CHAPTER 3 College comes and you still keep contact with C at least once or twice a year. With A & B, it is different. Whatever ties you had with them that first quarter is gone. You forget that you were even a group at one point - just that you hung out once. You seldom bump into them, even though they live in the area where your college is. Then two years out of college, A unexpectedly invites you to a baby shower - she is pregnant - and she makes you a Godmother. You find it weird, but you go anyway, because you think it is impolite to reject invitations. The baby shower is anything but not awkward for you. You don’t know where to begin - there are no stories to recount, no memories to go back to. You realize you don't know a thing about A! Some of your old high school classmates are there - even C is there. But you have not seen or spoken with them in such a long time, too, that its taking you a while to adjust seeing them again. But you try enjoy the small reunion anyway, and promise to keep in touch.
CHAPTER 4 Surprisingly, A does keep in touch thereafter, checking on how you are, updating you with how the baby is. One time, she is in need of financial assistance and you help her out because you missed her baby's first birthday party, turning debt into a gift. You don't find it weird anymore - you start to freak out. It doesn't help that A would ocassionally (READ: everytime you and A talk again after a long period of silence) drop hints of gifts for the baby, or worse - presume that you will give her baby a gift, and then ask you to convert this gift into cash. You freak out some more. You freak out because everytime you and A talk, you feel obliged by virtue of being a Godmother and instant kumare, to give something when you don't feel anything for her or her baby. You freak out so much, you stop answering her texts, calls and emails. You subsequently feel guilty because you really can't remember whether you and A were ever really close, and if you are wrong about thinking this way. You stay away in the meantime.
CHAPTER 5 You lose your phone and though saddened by the loss for many reasons, you also welcome the few months of being unreachable by people you want to take a break from. After a few months of peace and sporadic bouts of guilt, you decide to revive your friendship with A, by finally answering her email. You exchange numbers again, and she checks on how you are. You also check on her baby, carefully choosing your words so as not to sound distant, and yet not opening yourself to an invitation you'll find yourself obliged to say a half-hearted yes to. But not even five minutes into the conversation, she jokingly drops a hint again about you giving her baby gifts since you 'stood them up' on her baby's first birthday celebration.
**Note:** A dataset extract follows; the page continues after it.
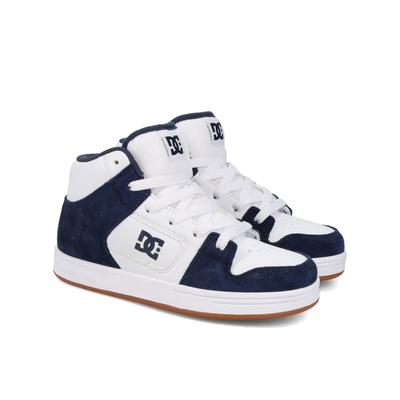 Sneaker DC SHOES "Manteca 4 Hi", Kinder, Gr. 4,5(35,5), blau (weiß, navy), Obermaterial: Leder (Kuh) / Futter: Textil / Außensohle: Gummi, Schuhe Image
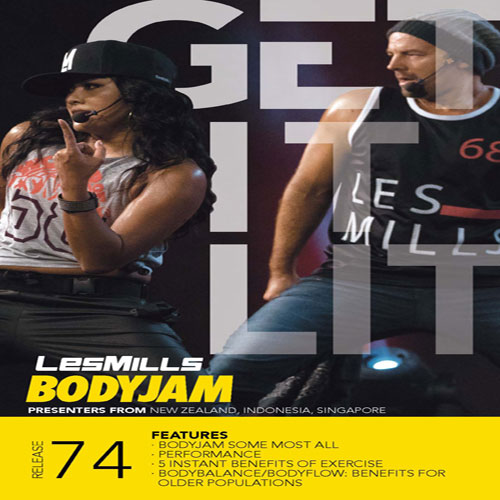 Les Mills BODYJAM 74 DVD, CD, Notes body jam 74 - Click Image to Close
Months of debating and self-control goes haywire and your head explodes in anger. You don't answer anymore for the rest of the night while you let your anger dissipate.
YOU:
1) Drop off the face of the earth, never to be seen or heard of again. Go to page 6.
2) Go on a soul-searching mission and search your soul for your possible lost friendship with A. If you find it, bite your tongue and give her baby a gift. Go to page 15. If you don't find it, follow Option 1.
3) Be mature and tell her that you don't feel comfortable being put in those kinds of situations. (If you want to give a gift, its because you want to, not because somebody, especially somebody you don't feel any level of closeness to, told you so. Hello? even your closest friends don't insinuate that you give them gifts.) And then risk being called a bits*ch* for taking her seriously. She was just joking lang naman, haller. Go to page 22. If she calls you a bits*ch*, follow Option 1.
4) Start reaching out to A until you feel the closeness you are looking for. And then don't complain anymore everytime she asks for a gift. This will only happen at least once or twice a year, anyway. Go to page 27. If this doesn't work out, or if requests for gifts escalate from twice to thrice in a year, follow Option 1.